World On a String by Larry Phifer and Danny Popovici
        Publisher: Storytime Works
        Published: June 3, 2013
        Source/Format: Purchased | Hardcover

       World On a String by Larry Phifer is, above all, a story about friendship, and the way some friendships have the power to shape our lives into something big and beautiful and somehow better.  In this story, we meet Charlie and his red balloon – a balloon lauded by the entire town as being the “brightest red and the roundest round.”  Charlie adores his balloon, taking it with him everywhere he goes and making sure to let the balloon know, again and again, just how much it is loved.  Even as the story gets darker, Charlie’s love is a light and his faith is a reminder that, despite loss, we can still find hope in our memories.
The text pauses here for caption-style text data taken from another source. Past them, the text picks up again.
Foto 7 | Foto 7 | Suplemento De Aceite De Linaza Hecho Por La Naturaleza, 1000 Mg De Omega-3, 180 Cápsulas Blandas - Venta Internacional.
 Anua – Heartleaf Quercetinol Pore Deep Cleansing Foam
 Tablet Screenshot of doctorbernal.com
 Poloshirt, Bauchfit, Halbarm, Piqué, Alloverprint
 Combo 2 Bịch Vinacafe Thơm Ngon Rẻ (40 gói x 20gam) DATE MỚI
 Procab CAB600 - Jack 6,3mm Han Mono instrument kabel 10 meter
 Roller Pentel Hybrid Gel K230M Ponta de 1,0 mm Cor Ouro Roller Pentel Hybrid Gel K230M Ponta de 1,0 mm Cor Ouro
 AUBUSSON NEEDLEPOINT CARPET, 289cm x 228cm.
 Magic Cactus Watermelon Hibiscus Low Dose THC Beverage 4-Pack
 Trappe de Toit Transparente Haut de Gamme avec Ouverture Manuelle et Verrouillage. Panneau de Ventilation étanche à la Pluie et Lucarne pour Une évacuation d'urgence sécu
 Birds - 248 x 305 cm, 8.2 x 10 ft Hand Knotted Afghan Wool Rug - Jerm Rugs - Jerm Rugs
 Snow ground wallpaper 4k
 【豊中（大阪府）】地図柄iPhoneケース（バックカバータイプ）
       World On a String does focus on friendship, but it is also a beautiful depiction of grief and how children and adults alike can find solace in the face of grief.  After finding and loving his balloon, Charlie loses him one night in a storm.  The next few pages deal with Charlie’s inability to understand his pain.  The book asks big questions about what comes after such a loss and how we move from sadness to a sense of understanding and acceptance.  Though he still deals with his pain, Charlie begins to think of the good memories he shared with his red balloon, and imagines him elsewhere – in a sky where the stars are balloons that hold up the world.  The illustrations that accompany the book, beautifully executed by Danny Popovici, depict these experiences, struggles, and dreams in a perfect and poignant way.  We feel each emotion as Charlie feels them, and throughout, find ourselves faced with the same questions.  How do we deal with our own losses, and how, at the end of the day, can we accept them with grace?  Charlie accomplishes this feat, whispering to the sky where his balloon floats, “I love you.  You’re my favorite thing.”  And then he watches that balloon, “spin around like the world on a string.”

       World On a String proves that children’s books can deal with big issues in a lovely and subtle way.  It is a story that never condescends, simply gives a name to a feeling we often ache to avoid.  World On a String by Larry Phifer is wonderful and important book, and will be for years and years to come.